• [WHAT YOU NEED TO DO] Consider the listing below. Extract exactly the lines from the line containing "Aerial shot of" to the line containing "Abercrombie & Fitch", both included.

• [SUPPLIED INFORMATION]

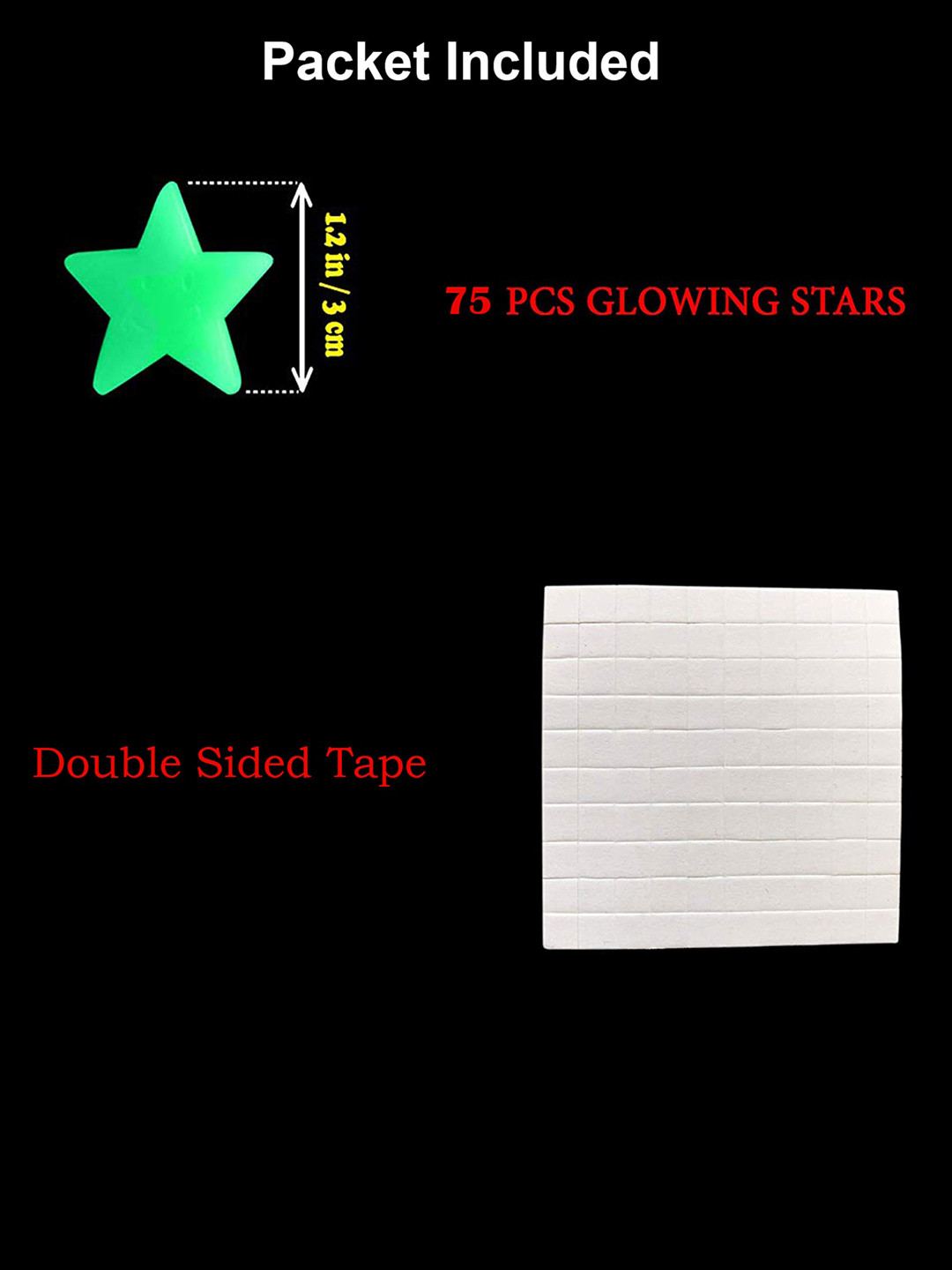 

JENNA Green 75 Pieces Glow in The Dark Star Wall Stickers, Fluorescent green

--

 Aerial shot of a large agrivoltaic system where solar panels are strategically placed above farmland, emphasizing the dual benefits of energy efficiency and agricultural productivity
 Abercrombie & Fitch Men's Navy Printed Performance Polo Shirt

• [RESULT]
 Aerial shot of a large agrivoltaic system where solar panels are strategically placed above farmland, emphasizing the dual benefits of energy efficiency and agricultural productivity
 Abercrombie & Fitch Men's Navy Printed Performance Polo Shirt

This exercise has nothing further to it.